Image-caption web data
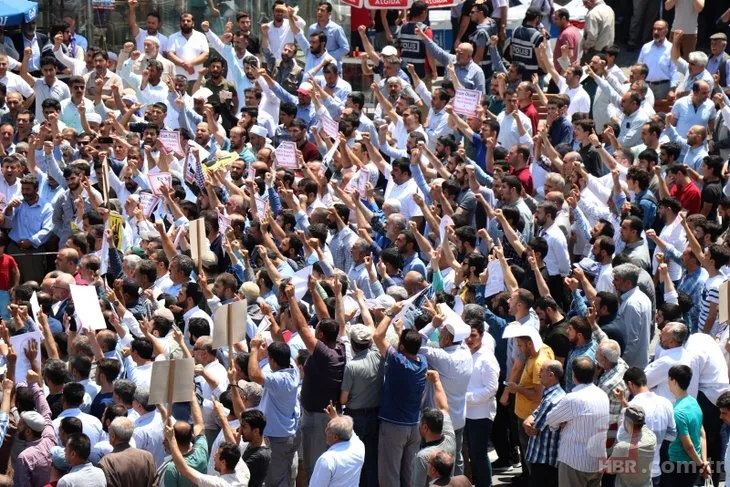 Muhammed Mursi için tüm dünyada milyonlar dua etti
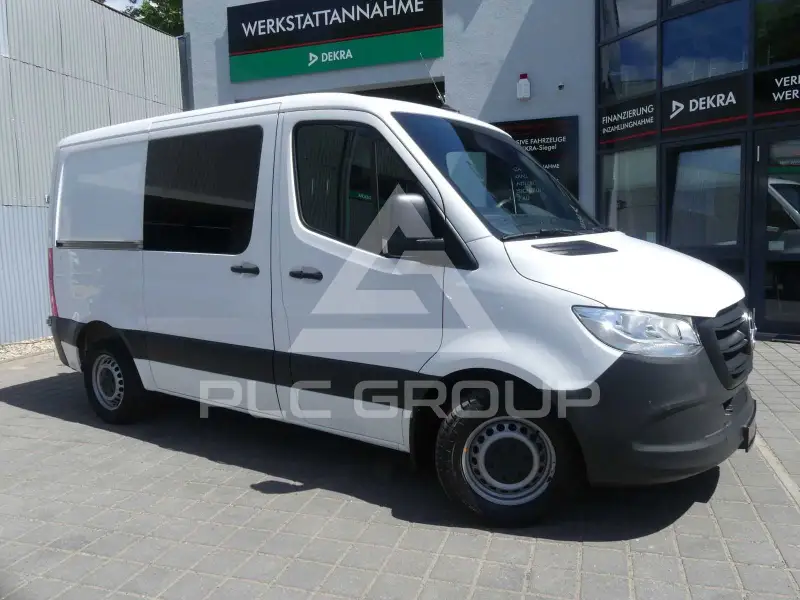 2022 Mercedes Benz Sprinter
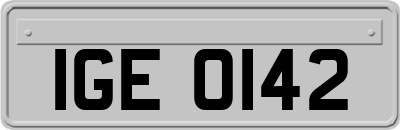 IGE0142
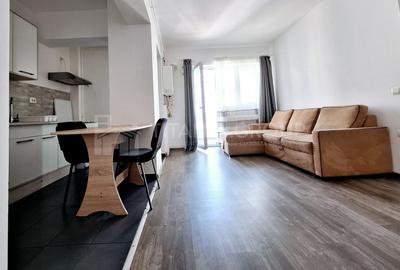 Apartament cu 2 camere semidecomandat în Tractorul - 1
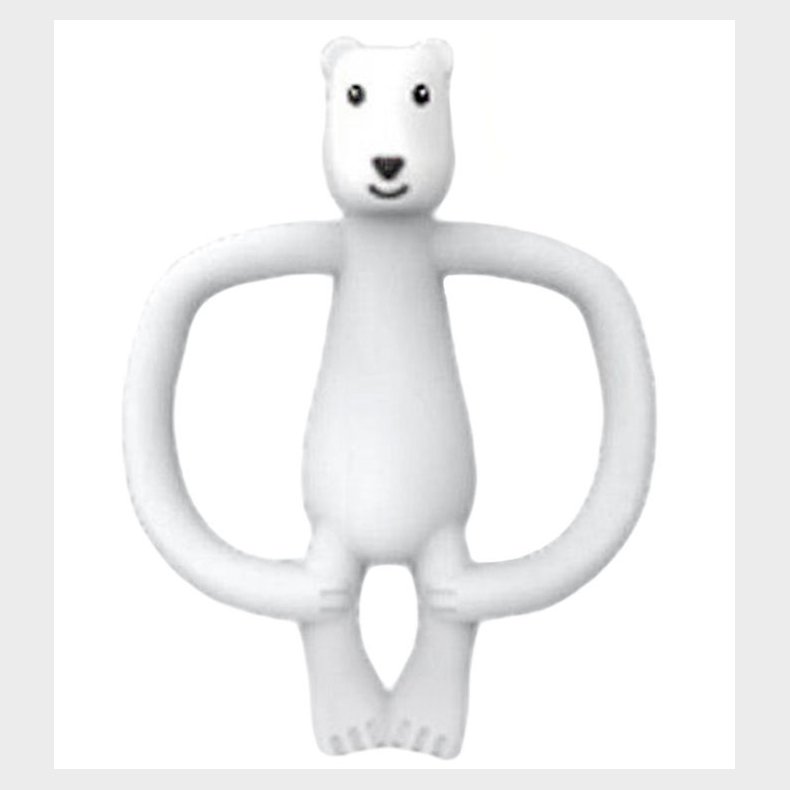 Matchstick Monkey Bidering - Isbjrn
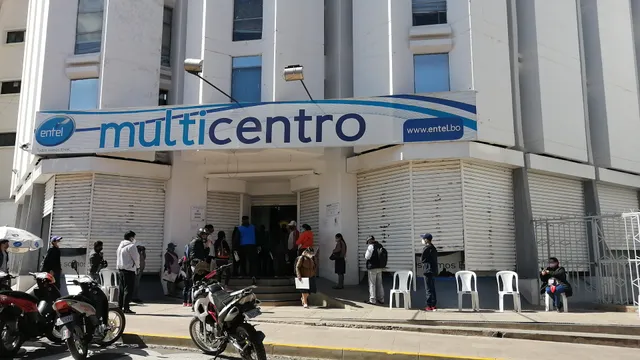ENTEL Sucre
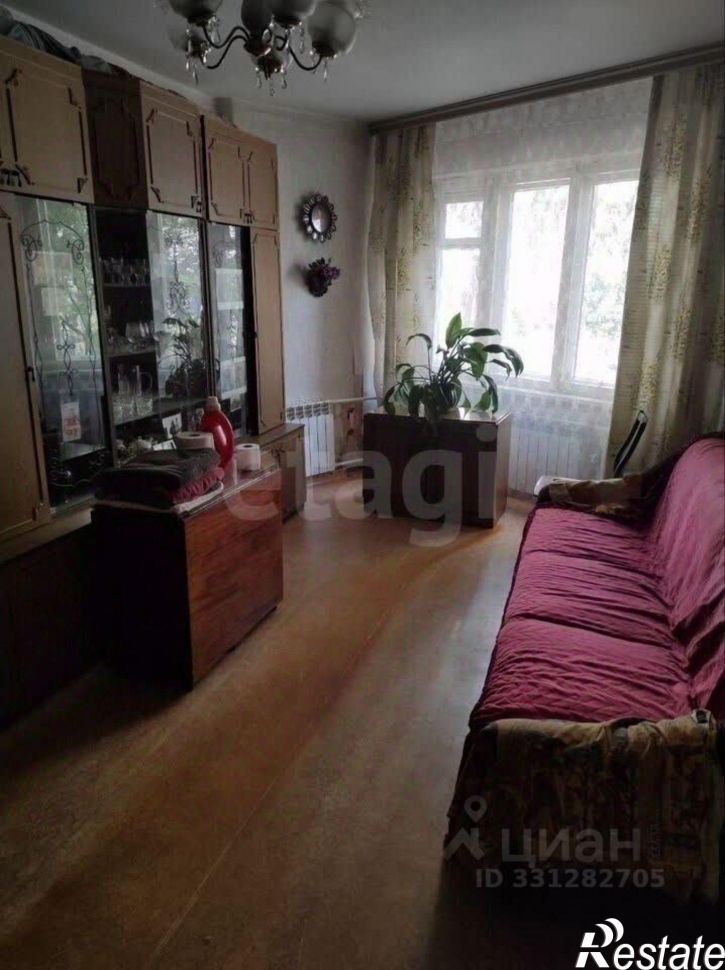 4-комн квартира ул Московская, 105,  д. 105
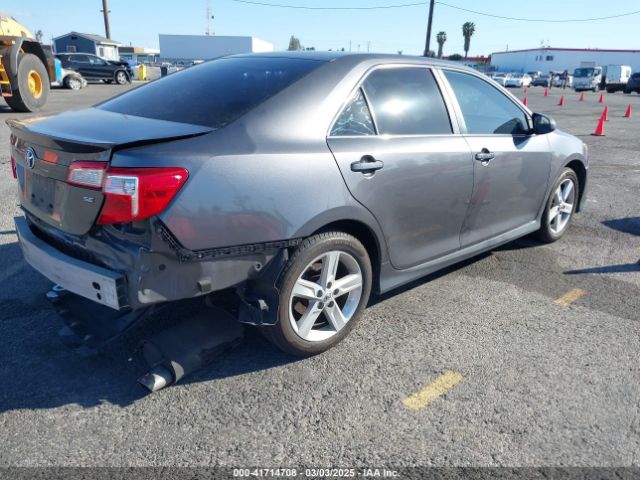 4T1BF1FK0EU353310 Toyota CAMRY SE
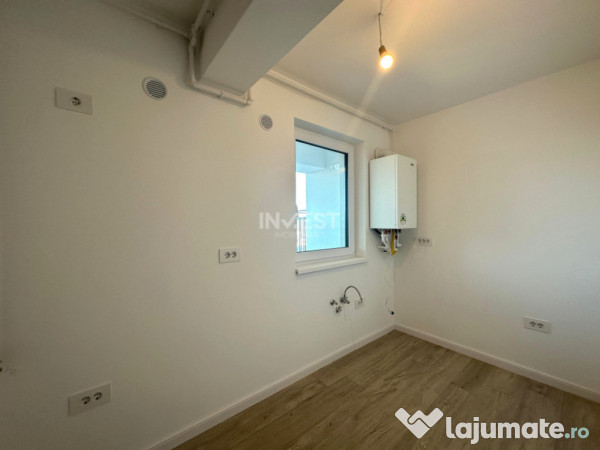 COMISION 0%! 2 CAMERE+ TERASA 25MP CU VEDERE PANORAMICA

_Problem to work on:_ With the pictures dropped, give every entry above again exactly.

_Result:_
 Muhammed Mursi için tüm dünyada milyonlar dua etti
 2022 Mercedes Benz Sprinter
 IGE0142
 Apartament cu 2 camere semidecomandat în Tractorul - 1
 Matchstick Monkey Bidering - Isbjrn
ENTEL Sucre
 4-комн квартира ул Московская, 105,  д. 105
 4T1BF1FK0EU353310 Toyota CAMRY SE
 COMISION 0%! 2 CAMERE+ TERASA 25MP CU VEDERE PANORAMICA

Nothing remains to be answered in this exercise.